I’ve built LLMTor, a software that allows you to access public LLMs like ChatGPT such that even the server operator cannot tell which prompt was sent by which user.
I was motivated by an old sam altman interview (https://x.com/rohanpaul_ai/status/1949502746492535282), where he mentioned that LLM providers are required to break user privacy if needed (and this can probably be done for selling ads as well).
Local LLMs are the gold standard for privacy, but you lose access to frontier models, and get overhead of self hosting. But if you use public LLMs like ChatGPT, they will always know the plaintext prompt and responses.
So I settled on a middle ground, where I break the link between the user identity and the prompt contents.
LLMTor sits as a proxy between users and upstream LLM providers. It uses blind RSA signatures (RFC 9474) to issue tokens that can later be redeemed for LLM access anonymously over Tor.

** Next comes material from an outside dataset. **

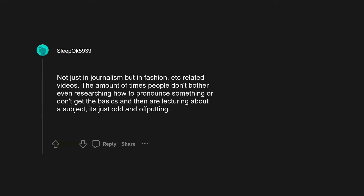Sharing your entire life on social media seems to be backfiring lately. The YouTuber journalism trend, all opinion-based essay videos filled with misinformation people take at face value as fact, is horrifying. Not just in journalism but in fashion-related videos. The amount of times people don't bother even researching how to pronounce something or don't get the basics and then are lecturing about a subject, it's just odd and off-putting.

Here’s an interactive demo of the protocol: https://api.llmtor.com/demo TL;DR: 1. User buys credits and obtains tokens signed via blind RSA (identity known to server) 2. The server cannot link the signed token back to the user (blind signature unlinkability) 3. User redeems token + prompt over Tor (identity unknown to server)
Links Website: https://llmtor.com GitHub: https://github.com/prince776/LLM-Tor Whitepaper: https://llmtor.com/whitepaper.pdf
Would love feedback on the protocol, implementation, or anything else.